The transition from fossil fuel energy to renewables is inevitable, but the total switch might take over a century. While it’s achievable to construct mass housing projects with only renewable energy-fueled green buildings, solar and wind farms will sustain this initiative. Governments can cut large-scale carbon footprint with this idea. Ideally, massive investments in buildings that use 100% clean energy can reduce fossil fuel demands.
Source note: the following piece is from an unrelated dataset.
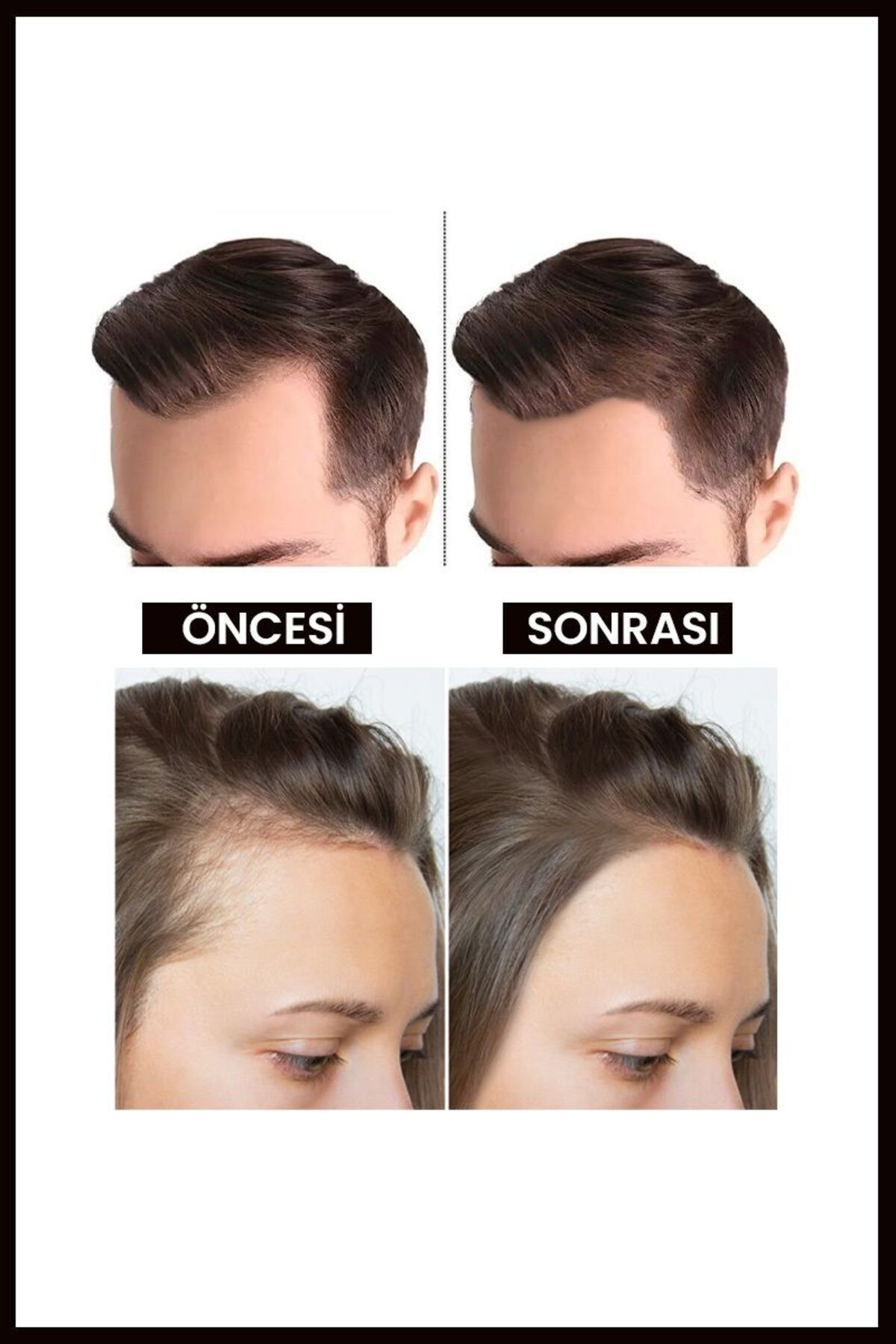 Luis Bien-Rosemary Oil anD Black Garlic Oil - Hair Loss anD Nourishing 7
According to research, green energy is a cheaper alternative for electric cars users and consumers of non-fossil fuel. However, world leaders need strong political will commitment to combat climate change issues. Additionally, it’s important for building regulators, and urban planners to encourage eco-friendly building ideas. Success cases in Australia include some corporate event venues in Melbourne. When millions of buildings run on 100% green power; it will increase the value of local housing markets. Also, green energy will curb greenhouse gas emissions (CO2e).
A Case of Wind Turbines
Wind turbines: yes, but not in buildings
Wind turbines are another fast-growing renewable energy technologies. Despite their massive energy potential, not many wind turbines are found on car parks or on building roofs. And if they’re, they typically are characterized by a small manufacturing capability, generally not exceeding 10kW.
As wind turbines are designed to be efficient in an environment characterized by uniform and relatively constant breeze flow, they frequently are located on open plains, hills, close to the sea, or overseas, usually at a set of wind turbines forming a wind farm.
On the contrary, the wind power conditions in urban environments are highly variable and rather turbulent, which significantly decreases the normal wind turbine’s efficiency. Noise and vibrations are an additional challenge to using wind turbines on buildings. Although efforts continue to create smaller-scale wind technology designed specifically for urban ecological conditions, which could lead to their larger adoption in urban places, building-scale capacities are not likely in the near future.